MESSIAEN Oiseaux exotiques – piano concerto
PROKOFIEV Piano Concerto No. 3 in C major, Op. 26
--intermission—
BRAHMS: Piano Quartet No. 1 in G minor, Op. 25 (orchestral version in an arrangement by Arnold Schönberg)

Andrei Korobeinikov (piano)
Concerto Budapest
Conductor: András Keller

This concert guides the audience from the Gold-fronted Leaf Bird and Hindu rhythmic patterns to Vienna, with the most popular Prokofiev piano concerto in between.

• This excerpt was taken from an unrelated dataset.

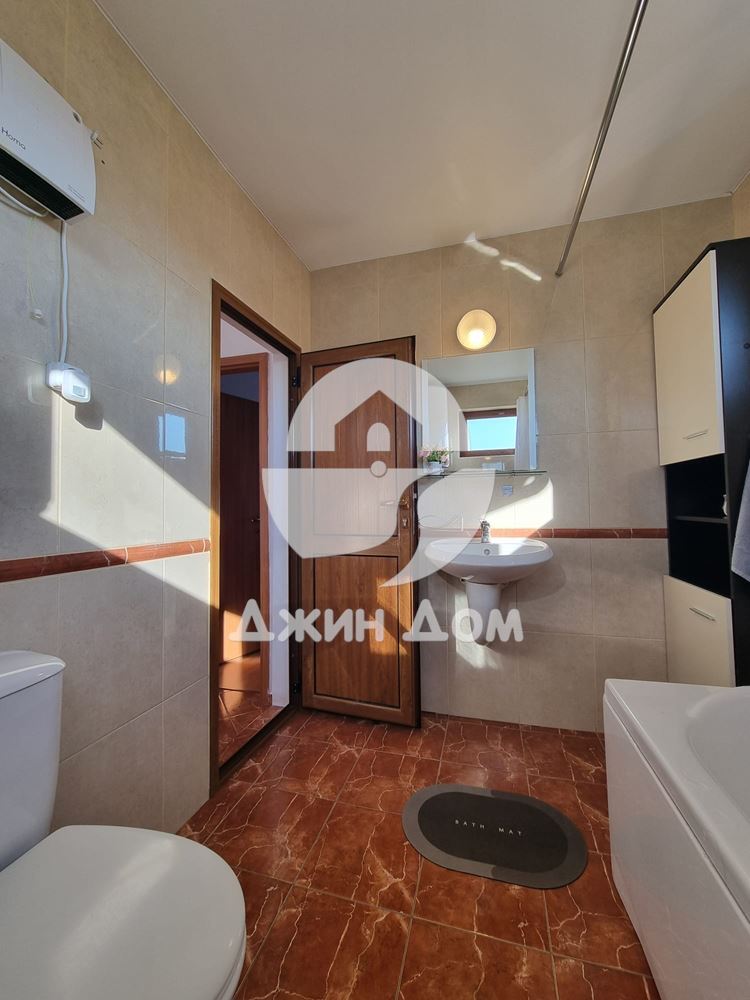 Двуетажна къща с двор в с. Бата - 0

The virtuoso soloist is at least as exotic and special in his own field as the birds of the Messiaen composition played as the overture to the recital, since Andrei Korobeinikov is not only a renowned pianist but a qualified lawyer, added to which he is a committed speaker of Esperanto.

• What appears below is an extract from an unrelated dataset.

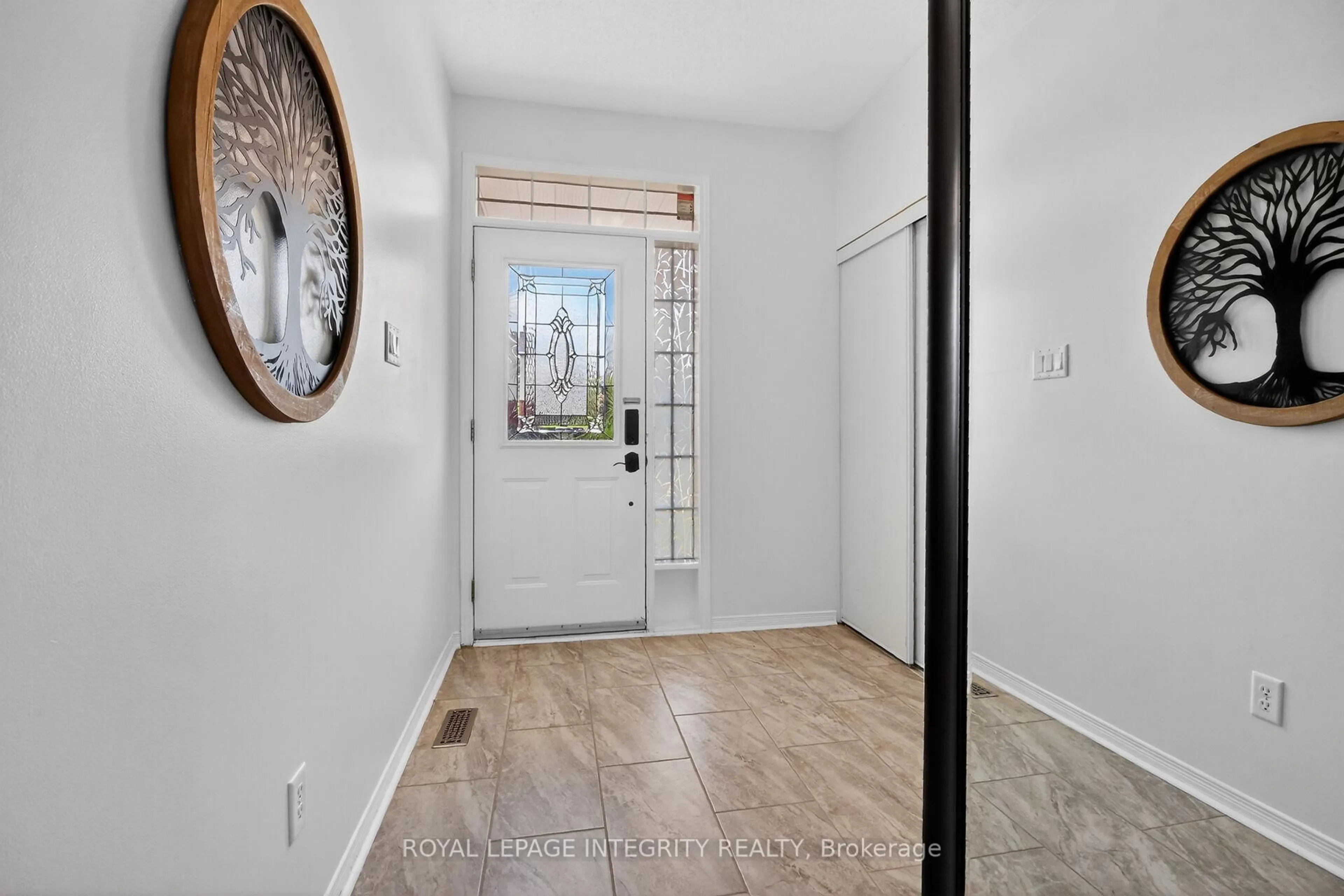Indoor entryway for 1 Chantilly Gate, Ottawa Ontario K2S 2B2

“Listen to the birds! They are the greatest masters,” Paul Dukas instructed his promising student, Olivier Messiaen, and we know that he took his master’s advice. Proof of this, amongst many other compositions, is the single-movement work Oiseaux exotiques (Exotic Birds) dating from the 1950s, in which the combination of piano, wind and percussion instruments evoke approximately forty different birdsongs from the North American Hermit Thrush to the Gold-fronted Leaf Bird native to Asia. The 34-year-old Russian pianist has already played the Piano Concerto No. 3 by Sergei Prokofiev (completed in 1921) in Budapest, as an understudy. As one concert critic put it at the time: “Korobeinikov came, he saw and he conquered.” Although on first hearing no similarity can be discerned in the music of the two composers Brahms and Schönberg, resident in Vienna at the end of the 19th century and first half of the 20th century, Schönberg actually considered his older colleague to be amongst his most important musical predecessors. It comes as no surprise that he made an orchestral version from the work originally written for piano and string quartet, at the encouragement of world-famous conductor Klemperer. This rarely performed arrangement closes the concert.